Hi, I've tried to come up with a simple fix here: https://github.com/thehrh/pisa/tree/prob3cuda_fix (diff: https://github.com/jllanfranchi/pisa/compare/cake...thehrh:prob3cuda_fix?expand=1). The same modification in pisa2 yields agreement at the 10^(-14) level or better (in absolute magnitude) for negative and positive values of deltacp, in all nu and antinu channels (for the set of oscillation parameters used here, i.e. nufit2.1 lid injected).

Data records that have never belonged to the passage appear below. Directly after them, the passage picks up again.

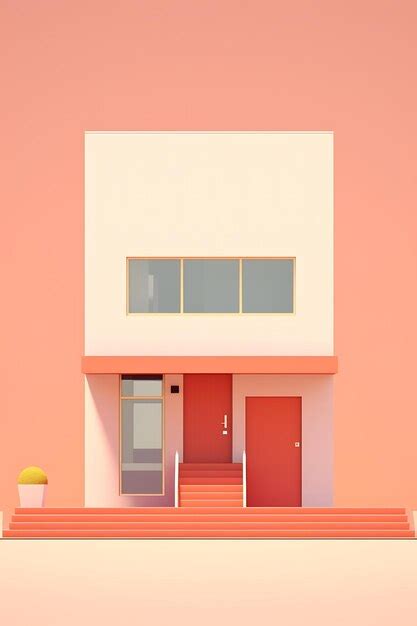 Premium AI Image | Cute minimalist house
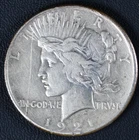 1921 Peace Dollar EF Details Obverse scratch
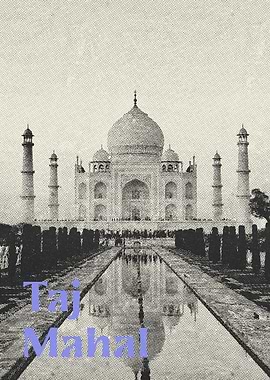 Retro Taj Mahal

Delta-prob plots: https://seafile.rlp.net/d/98cf381948/
Running jllanfranchi's command at the top, (fractional) differences with FP64 and FP32 are at the 10^(-13) level or smaller. Deltacp differs from zero in these comparisons. So at least both codes seem to be consistently doing either the right or the wrong thing now...
I also just ran comparisons in the basic cake
branch but setting deltacp = 0, and even without the fix you've submitted, the CPU and GPU versions come back the same to within 1e-13. So I think we're at 99.99% certainty that the issue is completely to do with the handling of deltacp (since your fix yielded agreement for non-zero deltacp, @thehrh). And this probably explains why we haven't noticed this before, since CPU-GPU consistency of oscillations code was probably only tested for deltacp=0. I'll merge a change once we determine which consistency is the correct consistency...
Tim used to check it against NuCraft in PISA 2 since that solves the Schrodinger equation directly and is therefore "correct". Any chance you could do that on your PISA 2 branch Thomas? I know NuCraft takes forever, so maybe just for a few important point with non-zero deltacp.
Yes, definitely, and I was about to suggest that. Apart from checking the code against the Barger formulas, we'll want an independent cross-check, and NuCraft seems like a good candidate.
After testing a couple of deltacp values, it looks like there is a sign discrepancy between the two codes (NuCraft vs. Prob3++), meaning that in each case we only reproduce the other code's results (to within the agreement the two yield at deltacp=0, which is better than 0.5%) when switching the sign of deltacp. I hope I can find out what's going on. Plots are again at the link above.
@thehrh is the disagreement even at deltacp=0 expected to be 0.5%? And if so, is this due to the different way nucraft calculates e.g. neutrino height at production (i.e. not a fixed height in the atmosphere as Prob3++ uses)?
The disagreement is of that order even with the same fixed production height in both codes. There are minor differences between the default NuCraft and Prob3++ 59 layer PREM models though (+NuCraft interpolates between adjacent values, while Prob3++ does not), and of course the two approaches differ by design.
Hi, Sorry was absent for some time due to holidays and flu....yay. Anywhow, just to sumarize:
First, i made
example_gpu.cfg
identical toexample.cfg
in all ways exceptorder = ... osc:prob3gpu
. Then I run the following command:Details change a little depending on how you pick binning, but we should be seeing fractional discrepancies near machine precision and we're nowhere close.
This is also surprising considering that
test_consistency_with_pisa2.py
shows worst-case around 1e-7 discrepancies.